L’idée fixe des indigènes, aussitôt qu’un tigre est tué, est de lui couper les oreilles, dont ils font un jâdu, un charme contre la mort subite, les mauvais esprits et la maladie. Miss Westonhaugh ne tarde pas à remarquer que tous les corps rapportés au camp sont mutilés et elle exprime étourdiment le désir d’avoir elle aussi le précieux talisman. Dès le lendemain, elle reçoit dans une boîte d’argent deux oreilles coupées par Isaacs à un « mangeur d’hommes » de dix pieds de long, qu’il est allé tuer à minuit, en compagnie d’un indigène, dans la jungle où il y autant à craindre des cobras que des tigres. Catherine acceptera ces dépouilles opimes avec des sentimens faciles à concevoir, mais elle renverra la boîte, aucune considération ne pouvant décider une fille anglaise à recevoir des mains d’un homme rien qui ressemble à un bijou; seulement, au fond du petit coffret, Isaacs, d’abord décontenancé, trouvera quelque chose de plus précieux que le présent qui a failli lui coûter la vie, une mèche de ces beaux cheveux d’or pâle qu’il adore.

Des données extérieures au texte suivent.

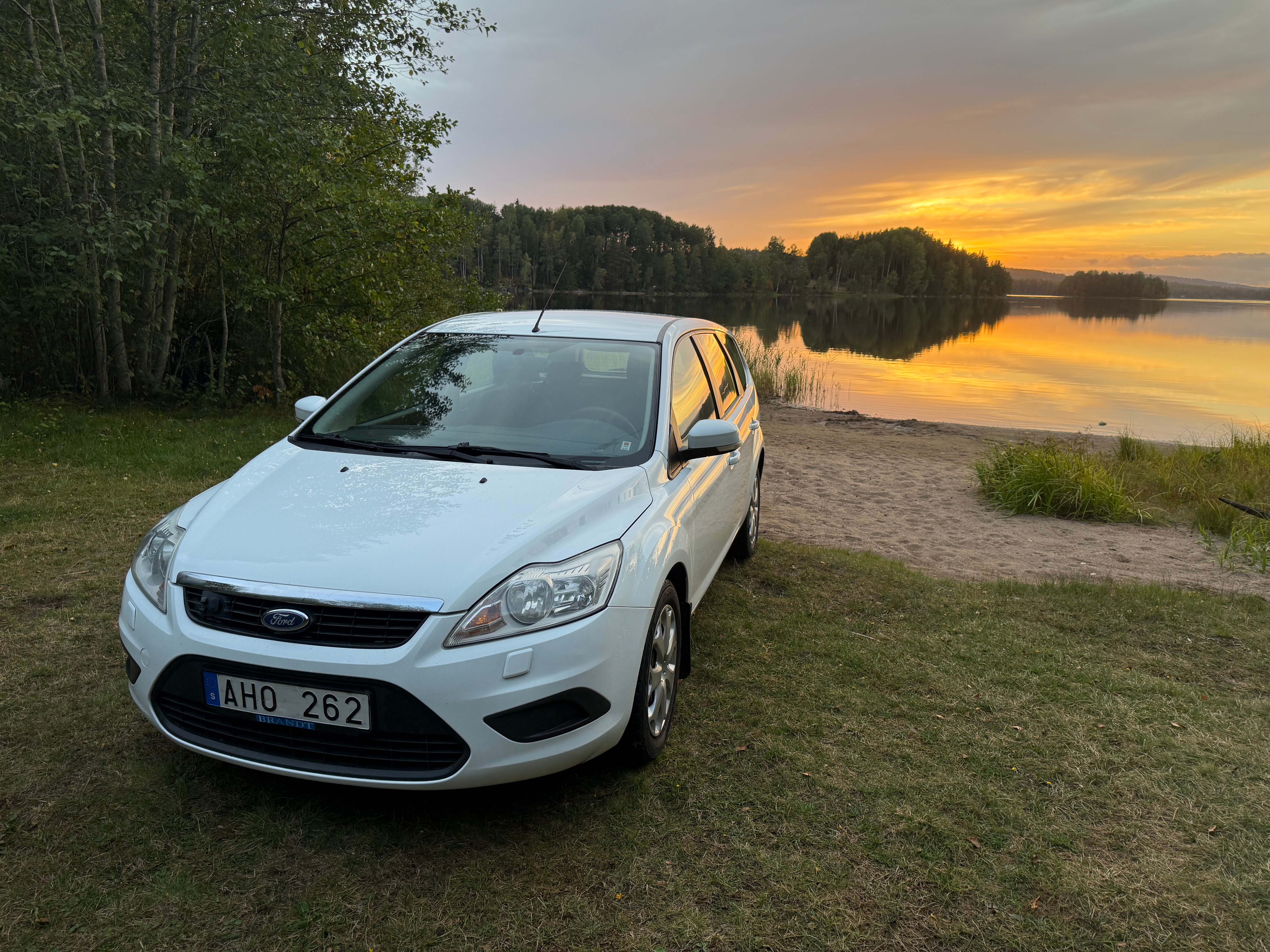 Ford Focus Kombi 1.8 Flexifuel Manuell 2008, bild 2/10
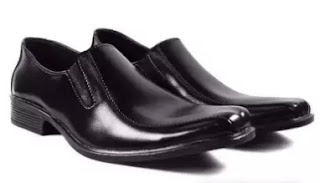 Sepatu kulit formal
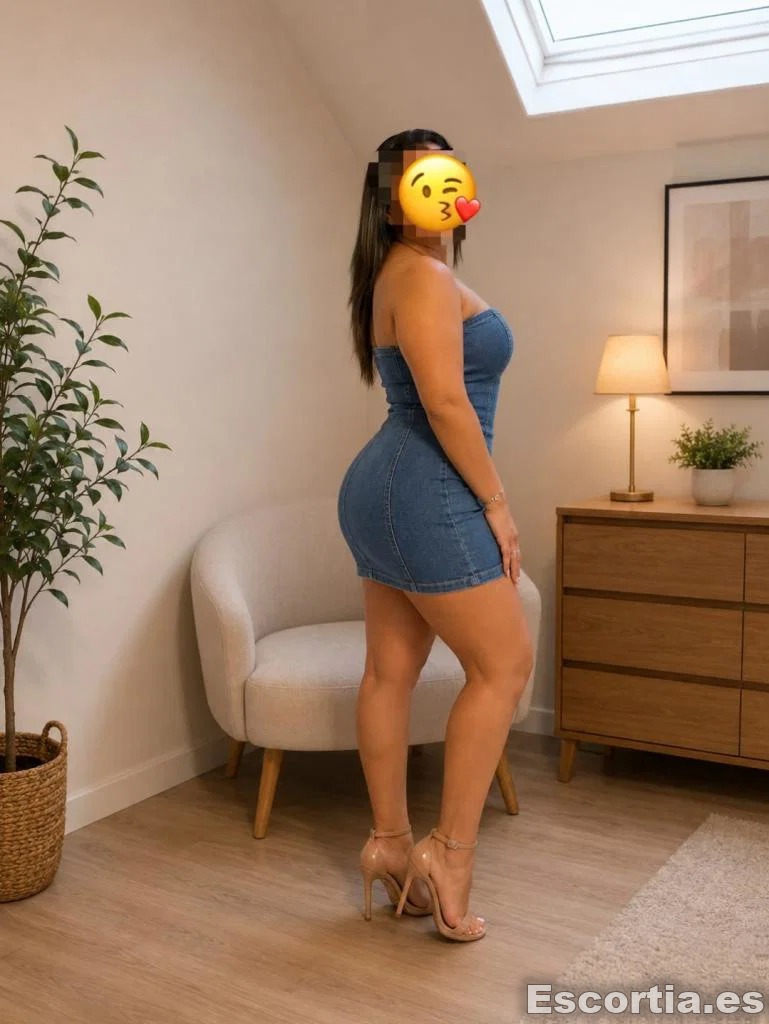 Daniela escort Valladolid
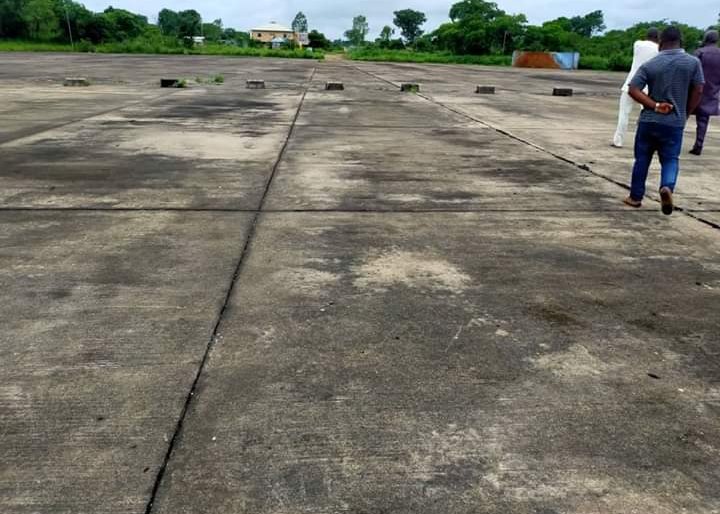 THE OGURUGU AIRPORTAirport in OGURUGU Uzo-Uwani may sound like story from the space or a fairytale but it's empirically true and realIt was an Airport said to have been awarded by the Military regime of OBJAt the airport, we found solid structures in a vast expanse of land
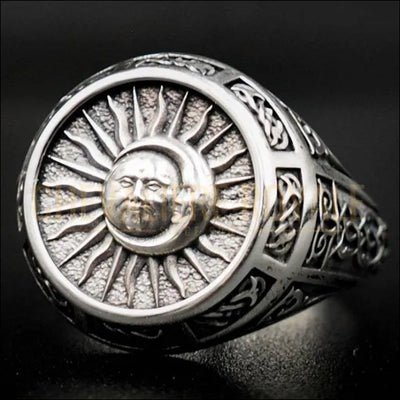 Chevalière en argent avec les symboles du soleil et de la lune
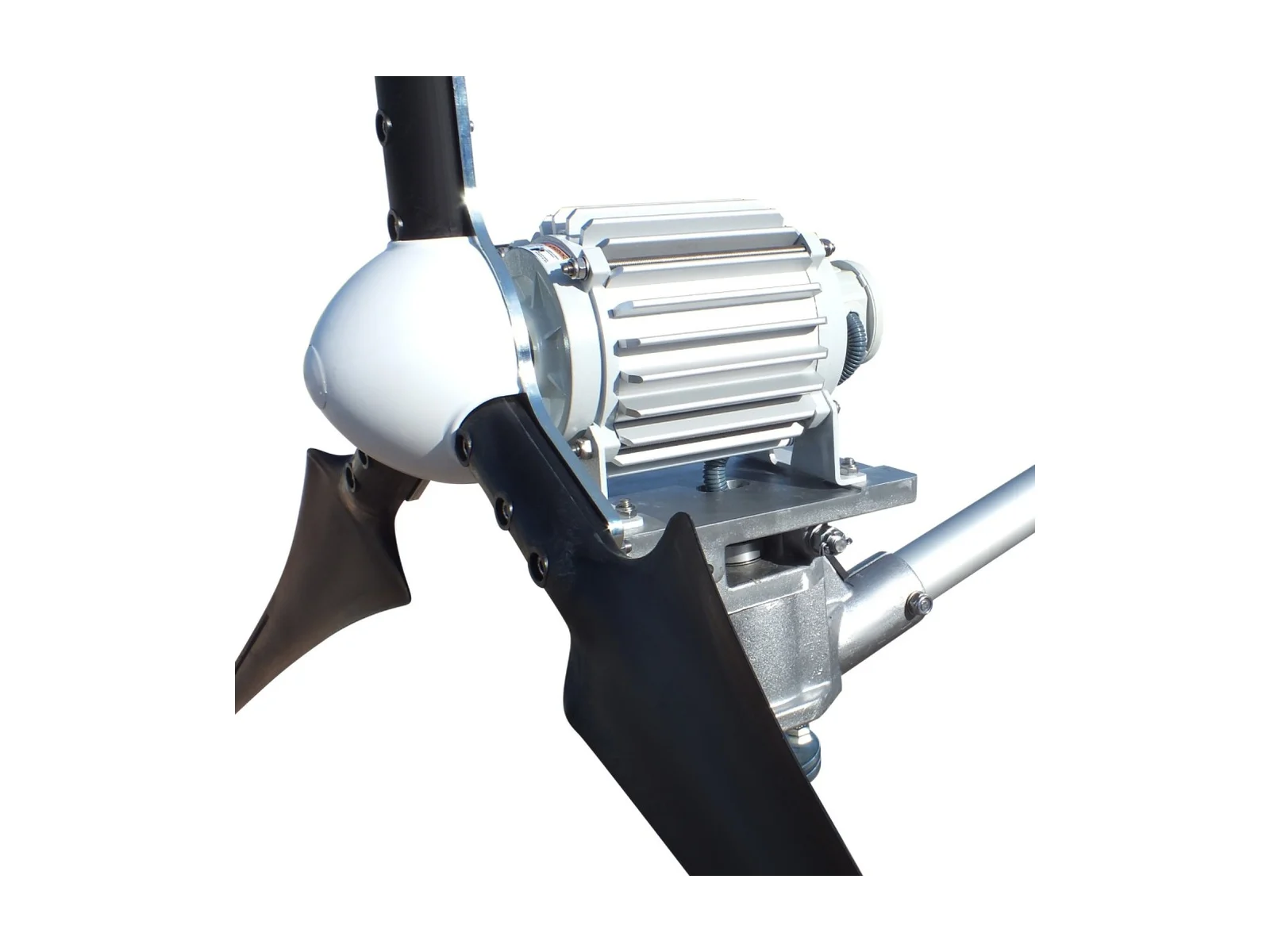İsta Breeze Windsafe 2000 W Korumalı Rüzgar Türbini (24 V / 48 V) – görsel 3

La chasse continue avec tous les dramatiques épisodes où chacun joue son rôle, mais le roman qui rapproche de plus en plus ce « lis d’un vallon d’Angleterre » et « cette rose sombre du Gulistan de Perse » nous intéresse davantage. Un soir mémorable vient où Kildare et Griggs errant bras dessus bras dessous, le cigare à la bouche, au clair de la lune, après souper, aperçoivent entre les arbres écartés d’un petit bois deux figures qui fixent l’attention du premier de la façon la plus désagréable. Un homme et une femme sont immobiles sous le rayon de la lune qui vernit le feuillage des manguiers et projette aux alentours une clarté verte étrange. Il a un bras autour d’elle et la haute taille élancée de la jeune fille se ploie vers lui comme une branche de saule, tandis que sa tête blonde repose sur son épaule. Un frémissement involontaire de Kildare avertit Griggs que son compagnon a vu aussi bien que lui-même. Par un commun instinct, ils tournent les talons. Griggs a évité de regarder l’Irlandais, et celui-ci parle avec volubilité de tigres et de clair de lune, faisant des deux sujets un mélange assez incohérent auquel l’Américain trouve cependant moyen de répondre avec le même entrain, de sorte que tous les deux font bonne contenance.